IRIS
Alfonso Sánchez Ortega
¡Qué hijo de puta! ¡Qué paliza
que me ha dado! No sabía por dónde empezar a curarme. Podría ocultar los brazos
y el resto del cuerpo, con el jersey y un pantalón largo, pero las manos, la
cara y el ojo, no los podría ocultar. Tenía que echarme algún desinfectante y
después ponerme vendas. Quizá unas gafas de sol… en invierno… sería aquello
chocante, pero no me quedaba más remedio. No podía hacerlo yo solo, no sabía ni
por dónde empezar. Necesitaba ayuda. Tampoco sabía yo muy bien si era mejor
darme “mercromina”, o echarme polvos de azol o de talco, o crema desinfectante,
o lavarlos bien con agua fría ¿o mejor caliente? ¿O mejor yodo? Tenía que
llamar a mi madre y contarle una historia. Volví a ponerme los pantalones.

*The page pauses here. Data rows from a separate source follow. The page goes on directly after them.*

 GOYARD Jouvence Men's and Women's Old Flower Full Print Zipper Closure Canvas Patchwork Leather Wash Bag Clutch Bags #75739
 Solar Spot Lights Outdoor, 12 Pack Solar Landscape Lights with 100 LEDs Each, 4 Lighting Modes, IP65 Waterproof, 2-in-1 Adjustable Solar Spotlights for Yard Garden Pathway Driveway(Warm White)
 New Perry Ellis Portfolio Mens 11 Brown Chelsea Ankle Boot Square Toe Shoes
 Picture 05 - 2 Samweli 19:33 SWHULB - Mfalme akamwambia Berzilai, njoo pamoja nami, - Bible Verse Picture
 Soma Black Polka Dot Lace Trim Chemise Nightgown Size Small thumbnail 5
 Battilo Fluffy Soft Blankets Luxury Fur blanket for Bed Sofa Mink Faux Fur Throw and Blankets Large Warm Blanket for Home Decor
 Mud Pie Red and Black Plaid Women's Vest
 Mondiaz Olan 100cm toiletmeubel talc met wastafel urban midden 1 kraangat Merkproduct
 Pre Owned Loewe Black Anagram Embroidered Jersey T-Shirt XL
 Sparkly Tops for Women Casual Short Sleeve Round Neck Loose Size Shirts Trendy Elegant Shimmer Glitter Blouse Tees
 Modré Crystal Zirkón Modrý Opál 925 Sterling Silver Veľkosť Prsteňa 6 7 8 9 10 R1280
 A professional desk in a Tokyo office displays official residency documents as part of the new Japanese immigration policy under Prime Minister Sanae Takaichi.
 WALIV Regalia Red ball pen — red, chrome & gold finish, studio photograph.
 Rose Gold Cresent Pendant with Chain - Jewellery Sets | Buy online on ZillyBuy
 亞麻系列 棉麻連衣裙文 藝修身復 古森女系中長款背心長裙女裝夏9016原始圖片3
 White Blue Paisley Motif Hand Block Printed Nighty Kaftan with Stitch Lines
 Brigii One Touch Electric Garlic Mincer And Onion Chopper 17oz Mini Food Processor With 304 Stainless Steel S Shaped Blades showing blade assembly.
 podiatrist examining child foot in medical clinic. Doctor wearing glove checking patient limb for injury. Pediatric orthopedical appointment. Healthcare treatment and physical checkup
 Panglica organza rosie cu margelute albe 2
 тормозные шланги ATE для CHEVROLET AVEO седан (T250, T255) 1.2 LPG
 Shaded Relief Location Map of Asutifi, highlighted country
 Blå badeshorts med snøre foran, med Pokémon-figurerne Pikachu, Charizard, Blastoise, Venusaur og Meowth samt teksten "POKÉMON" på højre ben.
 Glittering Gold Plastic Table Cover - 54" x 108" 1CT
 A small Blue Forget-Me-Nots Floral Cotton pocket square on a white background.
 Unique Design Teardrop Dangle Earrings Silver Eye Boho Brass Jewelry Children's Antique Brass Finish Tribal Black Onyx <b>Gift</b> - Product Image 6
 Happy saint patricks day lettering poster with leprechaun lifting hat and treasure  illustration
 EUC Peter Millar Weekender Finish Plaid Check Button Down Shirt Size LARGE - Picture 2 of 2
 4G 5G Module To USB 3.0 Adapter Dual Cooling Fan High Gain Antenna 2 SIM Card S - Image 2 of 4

Abrocharme los botones me dolía mucho por doblar los dedos. Hay que joderse. Ya
podría ser mayor, aunque en estas circunstancias supongo que al ser más grande,
las heridas serían más grandes también. ¡Qué hijo de puta Don Manuel!
— ¿Mamá puedes
venir, por favor?
— Dime ¿qué
quieres? ¿Te pasa algo?
— Mamá me he caído
en la calle y cuando abra la puerta no quiero que te asustes, porque entonces
no me podrás ayudar a curarme. No me grites ni me des gritos por favor, porque
entonces no te dejo que entres.
— ¡Ay Dios mío!
¿Pero qué te ha pasado? ¿Te has pegado con alguien?
— Mamá ya soy
mayor, me he caído en la calle, me he caído por un terraplén en unas obras que
hay por la colonia. Me subí a un montículo jugando con Eugenio y me caí rodando
hacia abajo. Pero no quiero que me montes ningún número porque ya tengo
bastante con lo que me duele —se me ocurrió esa disculpa, aunque la ropa no la
tenía manchada de tanto polvo del ropero, como para aparentar haberme caído
rodando por un terraplén. No se fijaría mi madre en esos detalles, iría
directamente a las heridas. Lo único que podía esconderle era el culo, los
dolores generales y la rabia que sentía.
— ¡Ay Dios mío!
¡Qué habrás hecho! ¡Anda abre! ¡Déjame que te vea!
— Mamá no tengo a
nadie a quien contarle esto, necesito curarme y no sé hacerlo solo. Necesito
que me cures por favor… pero no me regañes, porque ya me he llevado yo
suficiente susto y tengo bastantes dolores, como para que me grites.
— ¡Ay
Dios mío! ¿Pero qué te ha pasado?
Con las manos en la cabeza y
chillando como era de esperar, mi madre estaba espantada. Se me caían las
lágrimas y mi madre que veía la pena con que yo estaba llorando, además de lo
que me debía doler… se apiadaba de mí y me decía cosas para animarme. Me dio
cuatro besos y parecía que me comprendía porque ya no me regañaba. Se afanaba
en lavarme cariñosamente con agua y jabón, secándome con mucho cuidado, pese a
mis protestas de que me estaba haciendo mucho daño.
Manos con
vendas, rodillas y codos también, cara con crema y ojo bien lavado y con
colirio por dentro. Y esperar que todo se quite pronto. El resto como no tengo
heridas, se quitarán poco a poco los moratones que seguro me saldrán. Supongo
que eso será todo. Pero me duelen las rodillas y el culo lo que más… me cuesta
mucho sentarme y el rato de levantarme es un reto ahora para mí. Me duelen
mucho los brazos plegarlos sobre el cuerpo y los codos y los dedos al doblarlos también.